> [WHAT TO PRODUCE]
When you copy the material below, keep every line exact and drop the pictures.

> [EXTRACTED INFORMATION]

----

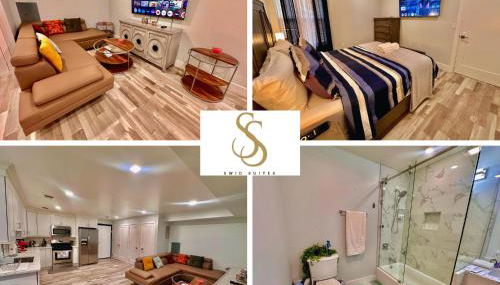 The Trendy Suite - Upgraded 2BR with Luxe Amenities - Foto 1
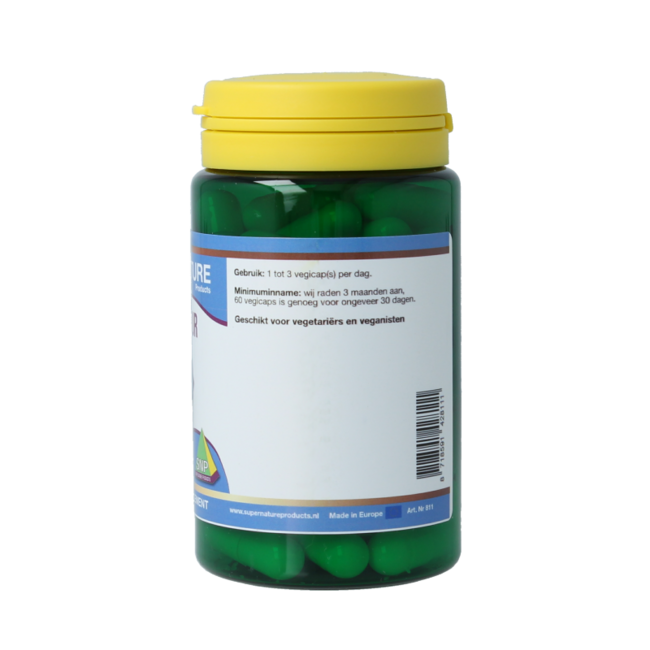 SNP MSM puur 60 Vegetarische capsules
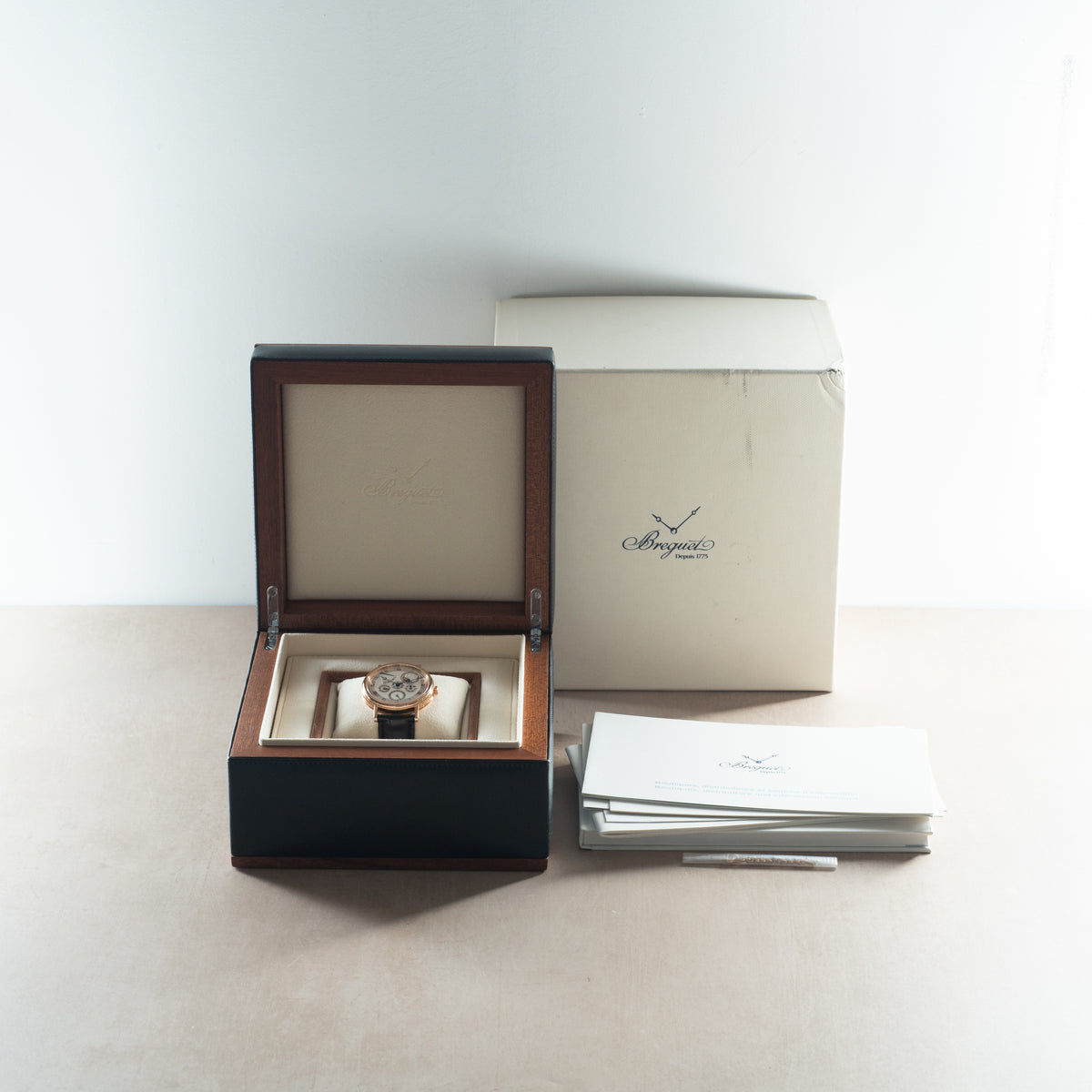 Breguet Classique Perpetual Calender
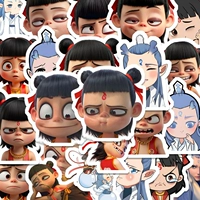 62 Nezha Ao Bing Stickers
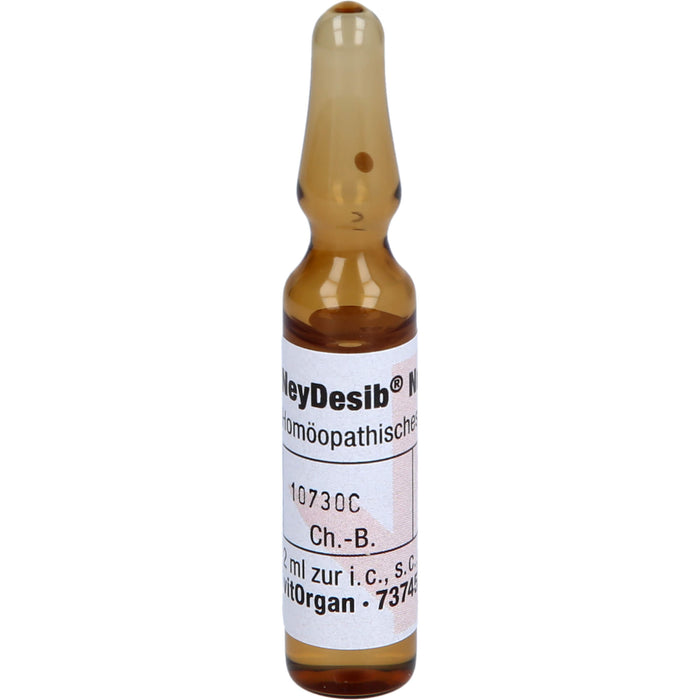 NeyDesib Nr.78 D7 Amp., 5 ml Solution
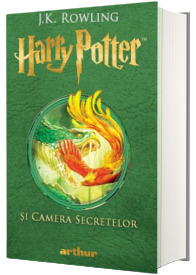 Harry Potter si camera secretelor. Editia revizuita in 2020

----

> [WRITTEN ANSWER]
 The Trendy Suite - Upgraded 2BR with Luxe Amenities - Foto 1
 SNP MSM puur 60 Vegetarische capsules
 Breguet Classique Perpetual Calender
 62 Nezha Ao Bing Stickers
 NeyDesib Nr.78 D7 Amp., 5 ml Solution
 Harry Potter si camera secretelor. Editia revizuita in 2020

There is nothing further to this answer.